BEGIN Data provided

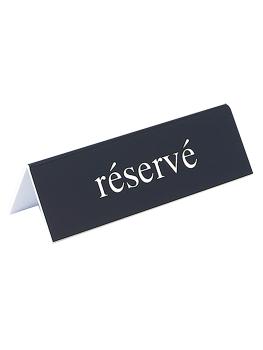 Chevalet de table - H 4 x 13 x 3,5 CM - 0,1 KG - polystyrène - Noir - 880030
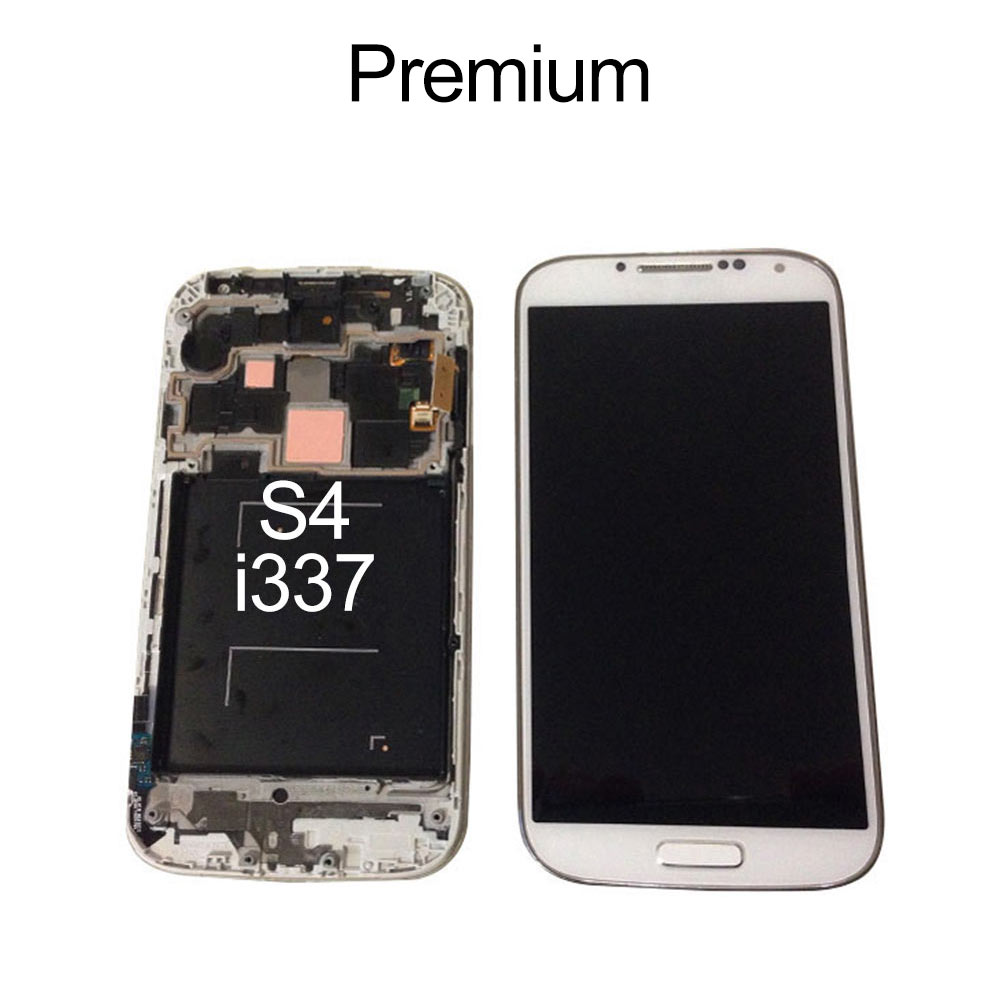 OLED Screen with Frame for Samsung Galaxy S4 i337, OEM OLED+Premium Glass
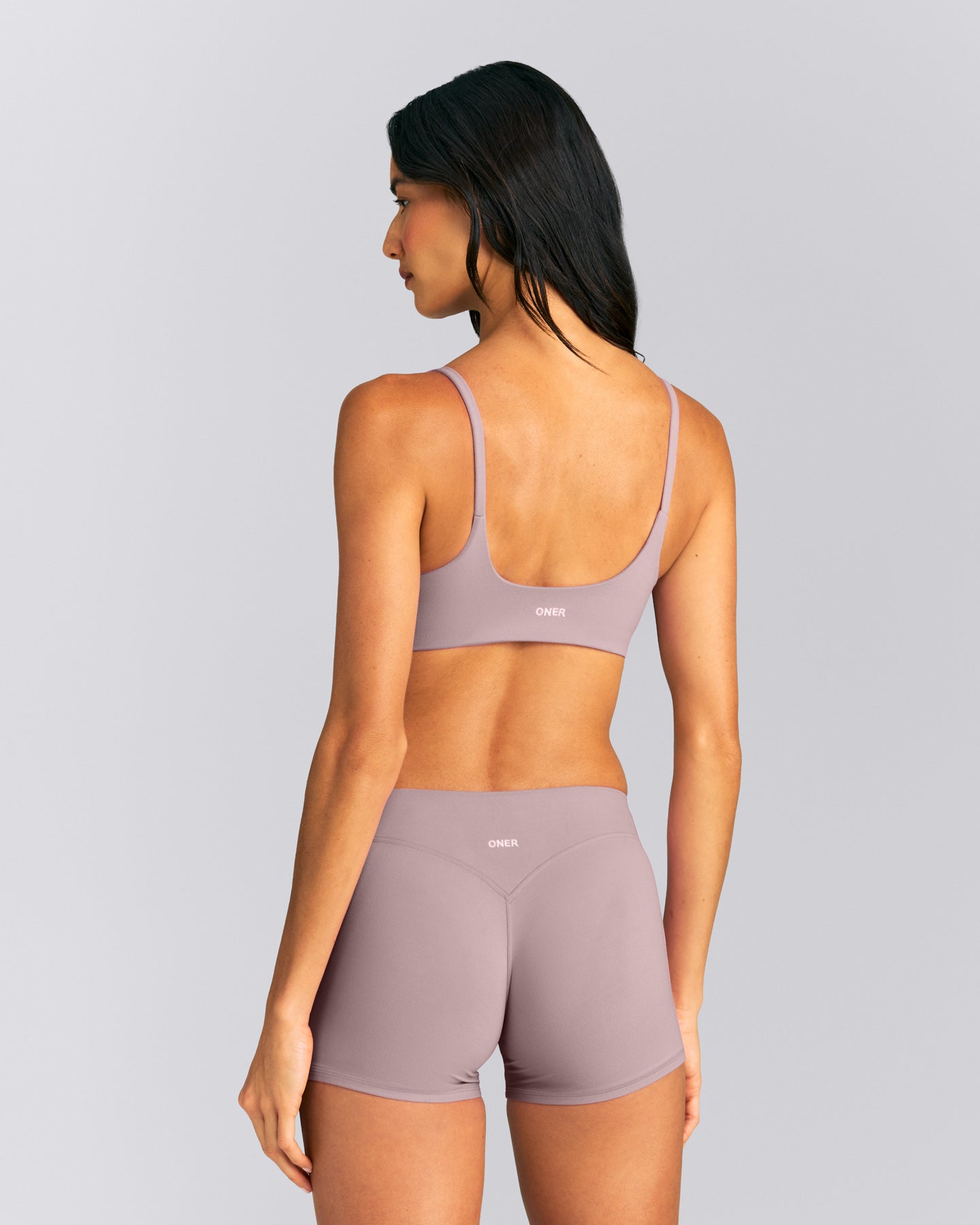 SoftMotion™ Strappy Sports Bra New Branding | Dusty Purple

END Data provided

From the line containing "OLED Screen with" down to the end of the data above, reproduce each line exactly; no pictures.

Solution
 OLED Screen with Frame for Samsung Galaxy S4 i337, OEM OLED+Premium Glass
 SoftMotion™ Strappy Sports Bra New Branding | Dusty Purple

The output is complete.